[Items from a dataset]
---+---
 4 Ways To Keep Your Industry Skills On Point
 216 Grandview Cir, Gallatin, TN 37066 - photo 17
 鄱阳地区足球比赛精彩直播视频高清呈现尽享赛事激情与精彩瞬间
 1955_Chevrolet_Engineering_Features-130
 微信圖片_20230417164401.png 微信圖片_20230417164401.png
---+---
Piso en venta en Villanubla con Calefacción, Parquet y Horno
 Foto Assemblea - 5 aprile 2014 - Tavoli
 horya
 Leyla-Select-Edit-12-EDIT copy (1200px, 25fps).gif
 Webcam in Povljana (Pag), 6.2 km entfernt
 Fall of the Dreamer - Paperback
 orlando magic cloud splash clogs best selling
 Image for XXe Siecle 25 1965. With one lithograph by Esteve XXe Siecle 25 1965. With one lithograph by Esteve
---+---
• Task details
From the entries above, extract only the lines running from the one containing "216 Grandview Cir, Gallatin, TN" through the one containing "微信圖片_20230417164401.png 微信圖片", inclusive.

• Response
 216 Grandview Cir, Gallatin, TN 37066 - photo 17
 鄱阳地区足球比赛精彩直播视频高清呈现尽享赛事激情与精彩瞬间
 1955_Chevrolet_Engineering_Features-130
 微信圖片_20230417164401.png 微信圖片_20230417164401.png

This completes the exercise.